While we live pretty far inland, hurricanes can bring my area directly with high winds, flash flooding and tornado chains. Our first step to prepare for this possible hurricane was to check the computer for the path of Hurricane Earl. Then we had a discussion with the kids all about hurricanes, preparing for them, what we may expect from it and other small variables in-between. Today being Wednesday, a day before it is expected to hit, I will spend getting empty containers ready and filled with water as flash flooding and high winds could cause a power outage. I will make sure the cooler is washed and ready to use with the ice packs to keep our cold food items cold and make sure I have enough candles ready.
Our largest problem has to do with actual real concrete safety for tornado chains and flash flooding. We live in a small trailer on very low land next to woods and 30 feet from a creek bed.
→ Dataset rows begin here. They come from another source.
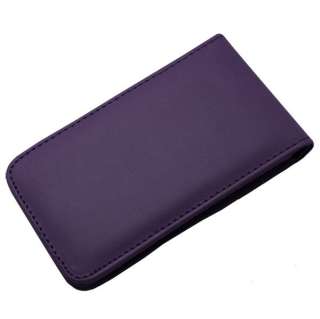 Purple Leather Flip Cover Puoch Case For iPod Touch 4G  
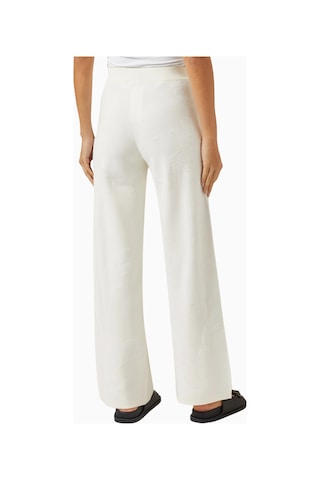 Marella Textured Cotton - Knit Pants, Dokulu, Elastik Bel Ve Modern Günlük Stil Beyaz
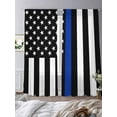 thumbnail image 4 of Blue American Flag Sheer Curtains 84 Inch Length 2 Panels Set, Semi Transparent Voile Rod Pocket Curtains for Living Dining Room Bedroom Drapes Black White Striped US Flag Stars, 4 of 6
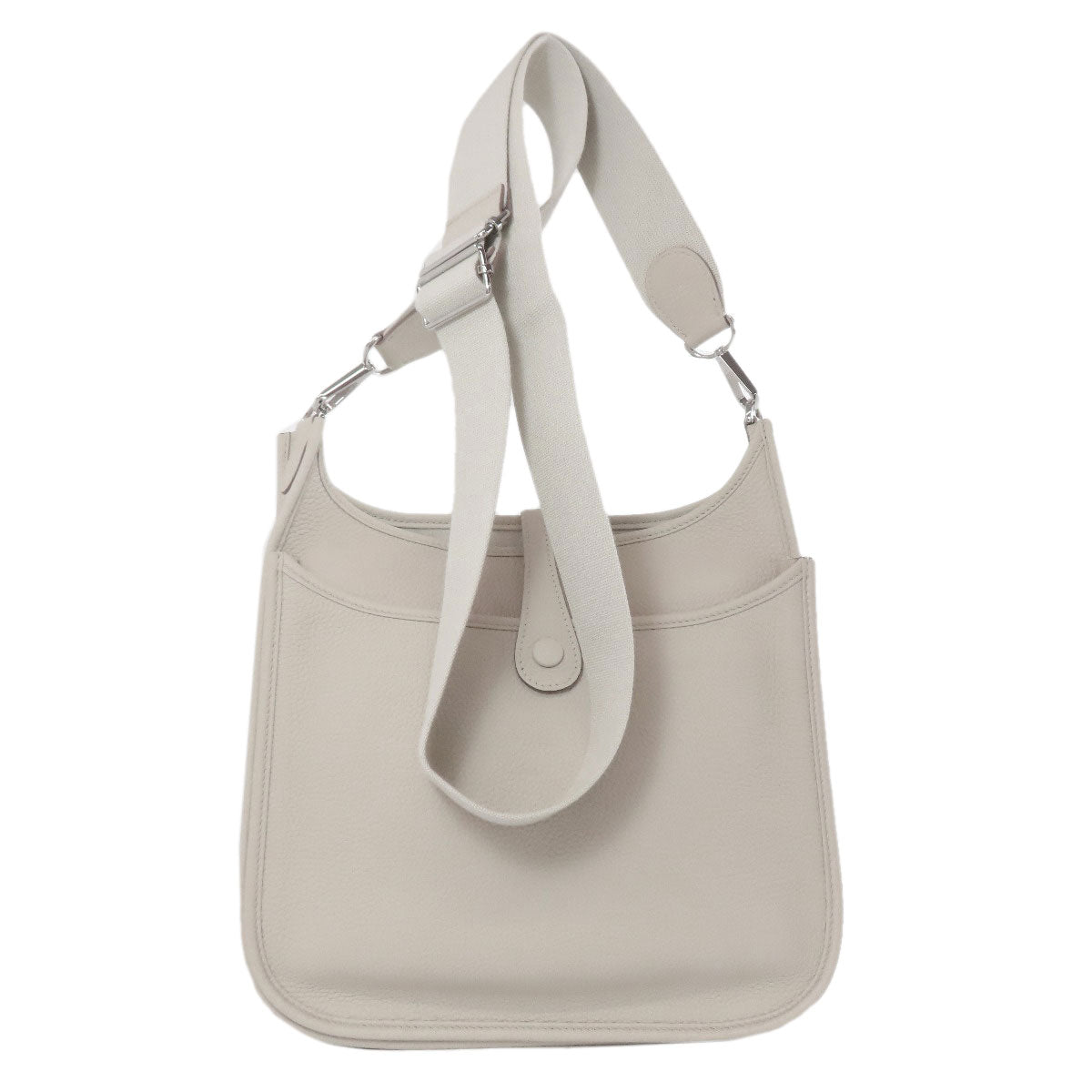 Shoulder Bag Taurillon Clemence Evelyn Pm Silvermetal White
However this creek bed becomes a raging torrent of flooded river beds in flash floods, last fall coming dangerously close to our trailer. Our whole yard had flooded out last fall when receiving 4 days straight of heavy rains while I kept a nervous eye on the creek as the raging waters came about 15 feet from our home.
While there may not be much I can do now for safety from tornados nor flooding water, if we continue to stay in this home, is it desperately needed to start on plans for the future. This would require a shelter being built in a way that would also provide us with dry ground for protection from tornados. For the creek I would need to build up the banks so overflowing was not so easily done in heavy rains. Either by sand bags or using branches mortared with mud or something, undoubtedly the banks need to be built up.
I am not one for severe weather, they truly freak me out and the lack of safety our home provides is extremely un-nerving to me. Being so far inland when we moved here, I never dreamt of the low land presenting such a problem until our first flood. For now we can only prepare the best way we can in ensuring we have water, food and candles and hope for the best. It may not be much, but it is about all we can do for now and only work towards a future plan that would provide the safety really needed. Hmmmmm I may want a boat!